NSW Electoral Commission asks for cyber security top-up


The commission provided an update of its IT priorities, both in the lead-up to the 2027 state election and beyond, following an appearance at NSW budget estimates in late February.

For the next state budget in June, a key request is for costs to cover “ongoing maintenance” of cyber security posture, following an earlier “uplift”.

“The commission is seeking ongoing funding to maintain its uplift in its cyber security posture,” it said [pdf] in written responses to questions on notice.

“Funding to implement the uplift was previously received through the Digital Restart Fund but ongoing operating funding is required. Total operating expenditure in the first 5 years would be $12.6 million.”

The commission won the uplift funding back in 2022, after several unsuccessful attempts.

The uplift was intended to deliver urgent “fixes” to around 50 electoral systems.

In addition to seeking cyber security operational funding, the commission intends to ask the government for permission to reallocate some unspent funding allocated for “recent local government elections” into urgent IT systems works.

Electoral commissioner Rachel McCallum flagged this possibility [pdf] back in February, noting the money could be repurposed to “maintain our rather old legacy systems so that they are functioning as well as they can in the 2027 election.”

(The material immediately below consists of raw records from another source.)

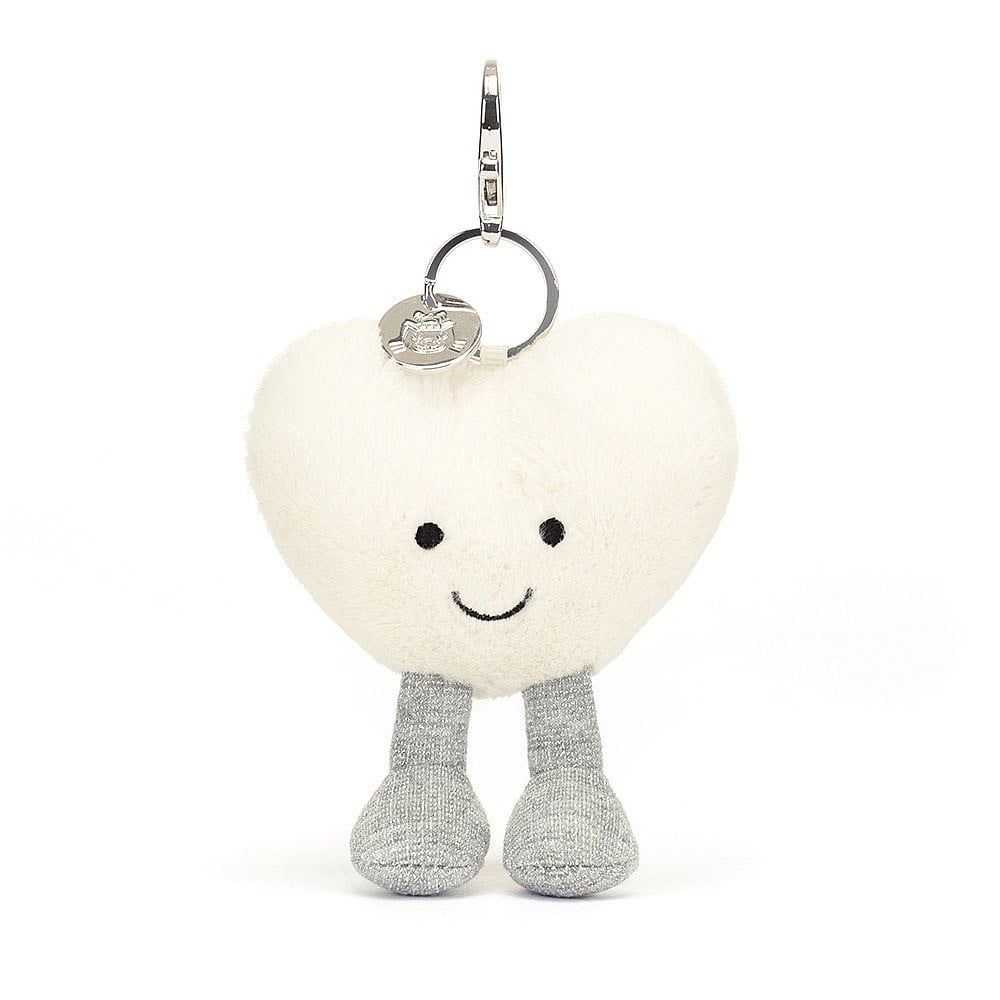 Jellycat Amuseable Cream Heart Bag Charm    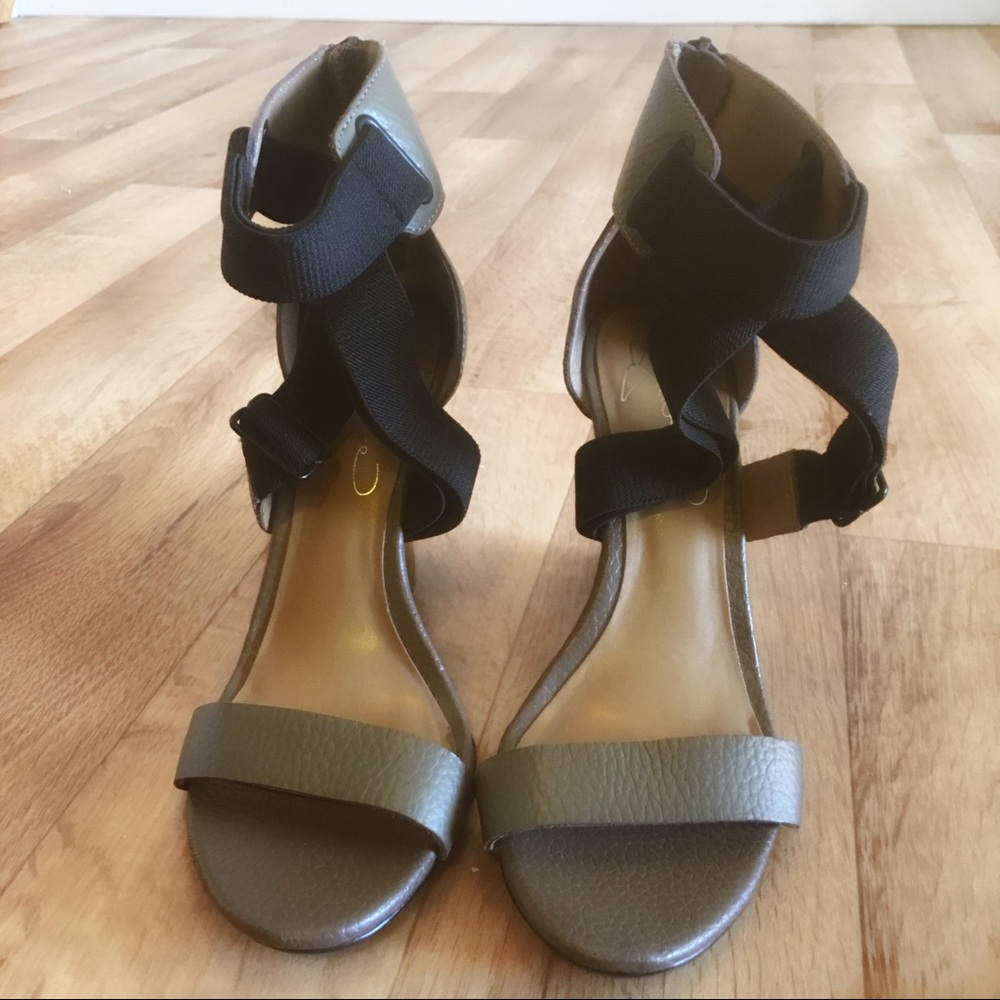 Report Signature Cross Ankle Strap Wedge Heels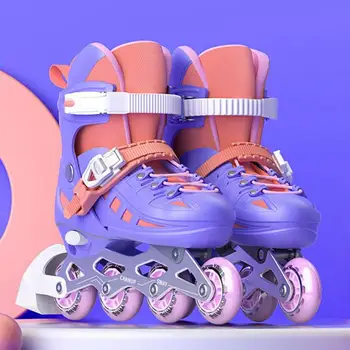 Роликовые коньки, обувь в комплекте со шлемом, наколенники, налокотники Для начинающих, профессиональные Роликовые коньки для детей 6-12 лет для занятий спортом на открытом воздухе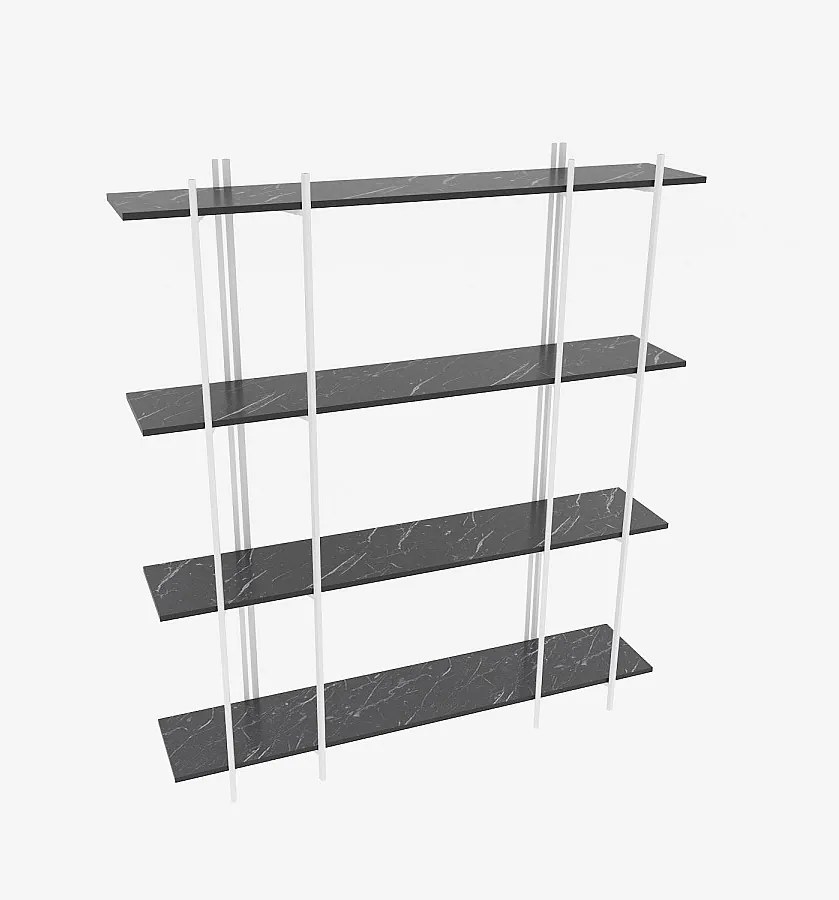 Stylowy, czarno-biały regał, 160 cm x 180 cm x 29,6 cm | Płyta wiórowa pokryta melaminą, grubość 18 mm | Nowoczesne rozwiązanie do przechowy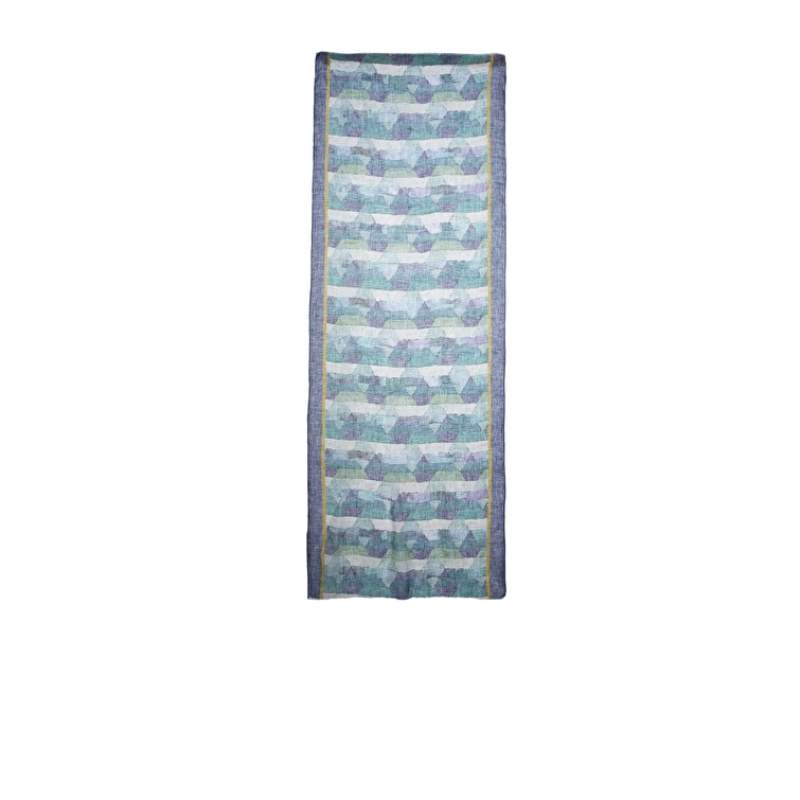 Khaki Geometric Patterned Mens Linen Shawl Khaki Geometric Patterned Mens Linen Shawl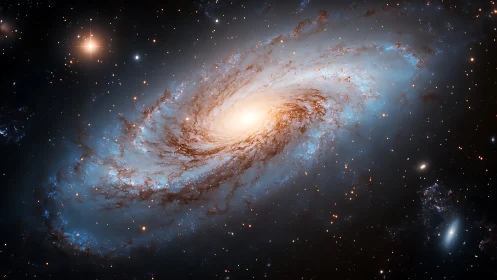 Barred spiral galaxy core with luminous bulge and rich dust lanes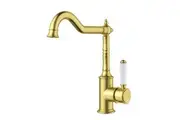 Clasico Sink Mixer Ceramic Handle in Brushed Gold
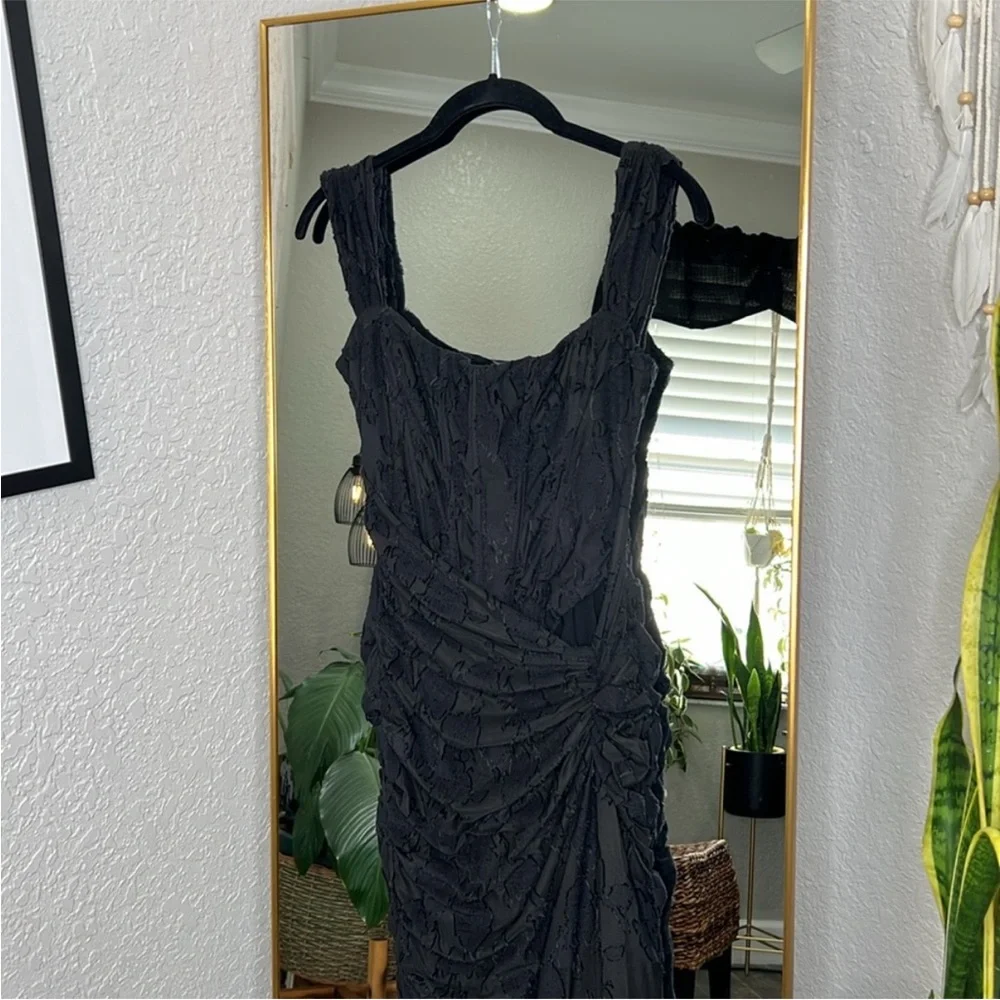 NWOT HOUSE OF CB Cesca Black Corset Floral Maxi Dress - Picture 6 of 8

“The Electoral Commission has … recently re-assessed the urgent maintenance needs of its existing legacy systems ahead of the 2027 state election and is separately seeking approval to re-purpose other underspent but protected budget funding towards this work,” the commission said [pdf] in response to questions raised at the hearing.

“These critical systems include the count system, the nomination system, the ballot paper production system, election staffing systems, and the online funding and disclosure system.”

The commission was previously unsuccessful in getting funding for this work from the previous state budget.

Contingent on whether funding is forthcoming or not, the commission intends to make some additional limited digital investments in ballot scanning and electronic election-day mark-off of voters, the latter of which was recently trialled at last month’s byelection in Port Macquarie.

However, “broader improvements” would need to be pushed back to 2031 or 2032 “at the earliest”.

These improvements could include the adoption of “single sign-on for Electoral Commission systems used by candidates and other regulated participants”; and “consideration of artificial intelligence tools in the electoral context, to augment and improve the Electoral Commission’s service delivery and compliance activities.”